Based on some of our recent research and learnings, here are some of the most common use cases of Artificial Intelligence and Machine Learning techniques used in finance. This link is a good introduction of machine learning. This article is good read for both technical and non technical people.
1. FRAUD DETECTION AND PREVENTION
Fraud detection is topic that is applicable to many industries like Banking, Finance, Insurance, Government policies etc. Recent rise in digitization fraud is becoming the major problem that finance and banking institutions faces. But these frauds are really small compared to the non-fraud cases, that is why detecting fraud from a massive amount of online transaction data is not something that humans can do easily.
In traditional approach, logical statements and summation of weights were used to assign a fraud index to any particular payment methodology. For example,
If a vendor is 6 months old, add 5 points. If 12 months old, add 2 points.
If transaction amount is twice the last year, add 4 points. If thrice the last year, add 6 points.
Similar rules for size of transactions, mode of payments etc.
These scores are finally summed up and magnitude of score determines the risk score. As we can see, although this method works but generates lot of false positives for new upcoming legit vendors and false negatives if any big company do fraud once in awhile.
To overcome issues with traditional approach, various techniques of data analysis are used these days. They are divided into two categories,
Statistical Techniques (for Data Preprocessing)
Machine Learning (for Data Evaluation)
Statistical Techniques include computing user profiles, calculation of various averages (e.g., time of call, delay in transaction etc.) These make the labels for our machine learning algorithms to be used for Data evaluation.
Supervised machine learning approach is commonly used for fraud detection. To use this approach, we must have quality data. Data must contain the features on which the final output depends. In fraud detection it can be name of vendors, details of transaction like date, time, location, bank name or source name so on and so forth. Output or labels is true or false value to indicate fraud or non fraud transaction. Sample data is used for training machine learning model. After training model can be used for future prediction.
Detecting a fraud is a classification task. So we can use classification model for it. There are plenty of machine learning models for classification task. Some of them which shows promising results are as below
Logistic regression
Support Vector Machines
Neural Networks
Naive Bayes
There are different variants of above models as well which can perform really good.
This link made for fraud detection challenge on kaggle. It employs three methodology k-means, logistic regression and deep neural network for the same task. Overall result was neural network was the highly accurate but with highest false negatives. K-means was least accurate with 54% accuracy. Logistic regression was the most accurate with 99.88% accuracy on the kaggle dataset of Credit Card fraud.
2. STOCK MARKET PREDICTION
With rise of technology everyone wants to trade smart, especially in stock market. Stock market is regarded one of the best investment strategy in 21st century.

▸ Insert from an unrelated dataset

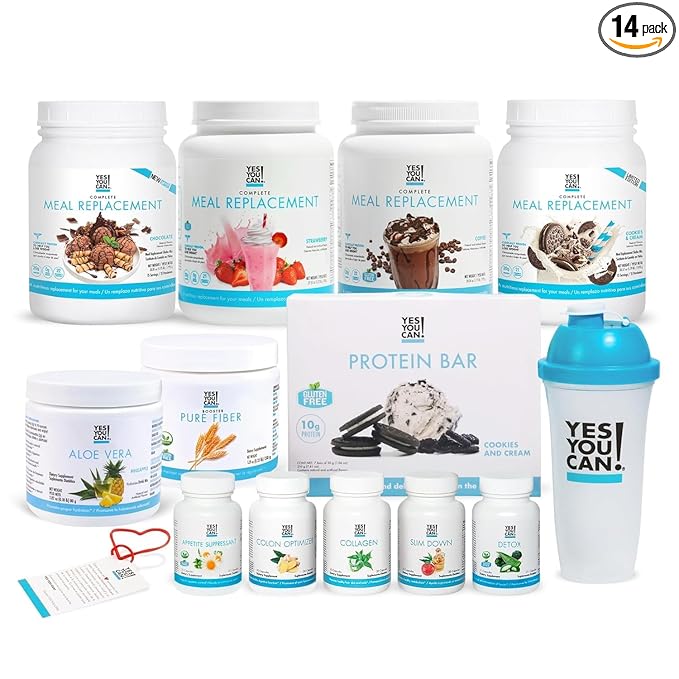 Yes You Can! All-in-One Kit with Meal Replacement Shakes, Aloe Vera Drink Mix, Fiber Shake Mixer, Protein Snacks, Supplements - Complete Wellness Kit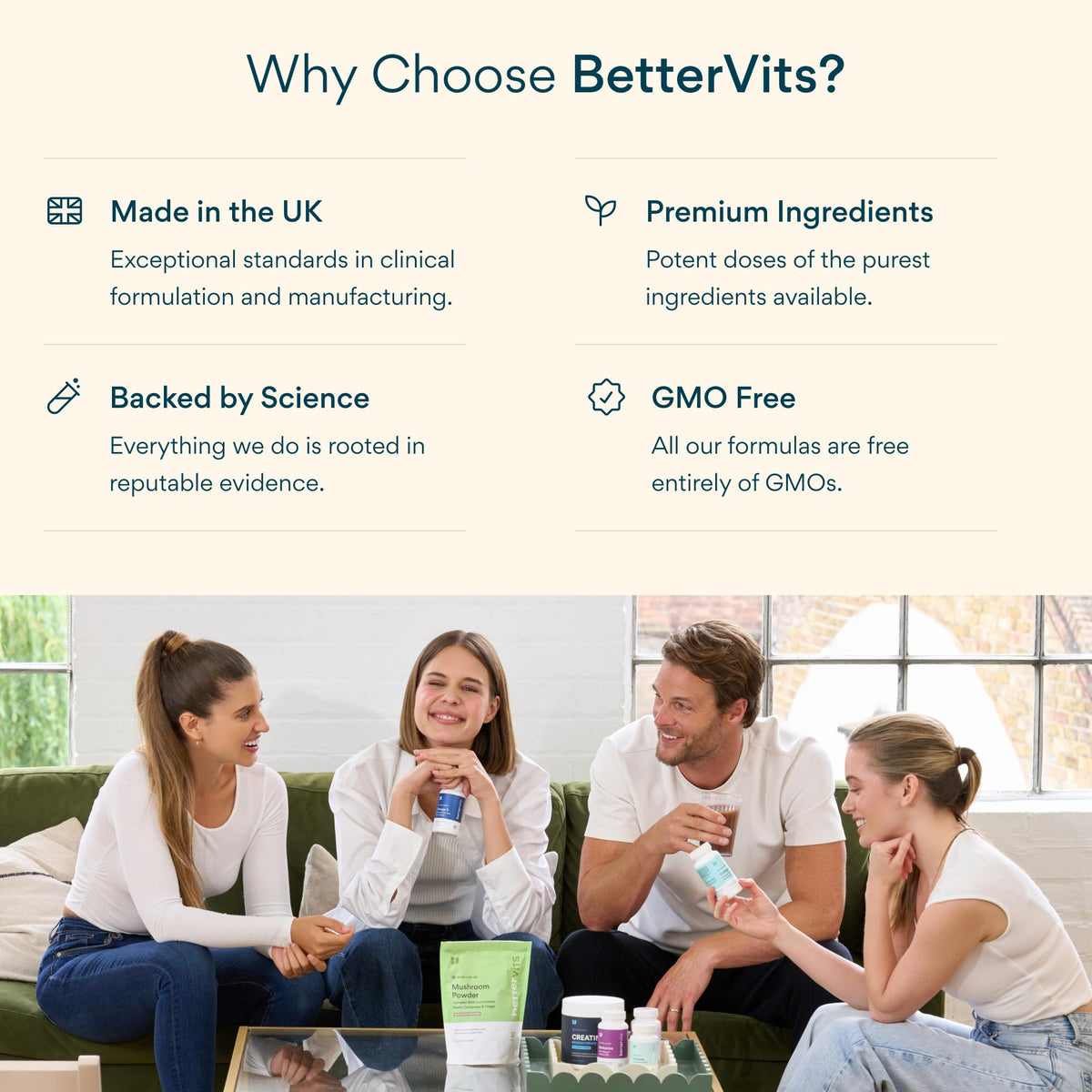 Bettervits Collagen Peptides Complex with Hyaluronic Acid & Turmeric | Hydrolyzed Marine Collagen Supplements for Women & Men | Collagen with Vitamin C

There the three methodologies for stock market prediction:
Fundamental analysis: This focuses on the company itself, its past performances, total revenue, profits per year etc. As this is the classical method of stock prediction therefore machine learning techniques are not so much found in this methodology. Though if we are to look at 20-25 fundamental features to predict prices, it is impossible for human to remember and interpret all these methodologies, here models like neural network come to the rescue.

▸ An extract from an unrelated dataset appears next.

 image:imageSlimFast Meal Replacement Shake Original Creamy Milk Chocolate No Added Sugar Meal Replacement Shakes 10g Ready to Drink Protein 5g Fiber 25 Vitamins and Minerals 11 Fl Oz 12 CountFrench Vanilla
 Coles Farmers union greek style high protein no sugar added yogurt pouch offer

Technical analysis: This doesn’t focus on the company or the market. They predict future prices of a particular stock solely based on the past trends. Various statistical methods are employed for this e.g., time series analysis, exponential moving average. This is a case of supervised learning and thus KNN (K nearest neighbour) and Decision Tree are frequently used for this type of analysis. This link describes neural network for time series forecasting.
Technological methods: Most prominent algorithms used are Artificial neural networks (Backpropagation) together with RNN(recurrent neural network) and Genetic algorithms. Unlike other techniques, here text mining is used excessively together with other numerical features for the market prediction. Most prominent ones are the news from google finance or Twitter. We can use techniques like sentiment analysis from NLP for scoring different words found by text mining and train how these data are connected with rise and fall of stock prices used to predict future prices based on today’s news. This link contains a code repository showing the prediction based on sentiment analysis. Efficient-market-hypothesis states that stock prices are too random and are immediately reflected based on any decision by the company. Therefore based on time series data, it is impossible to predict the market. Therefore techniques like text mining and sentiment analysis are highly efficient and useful here.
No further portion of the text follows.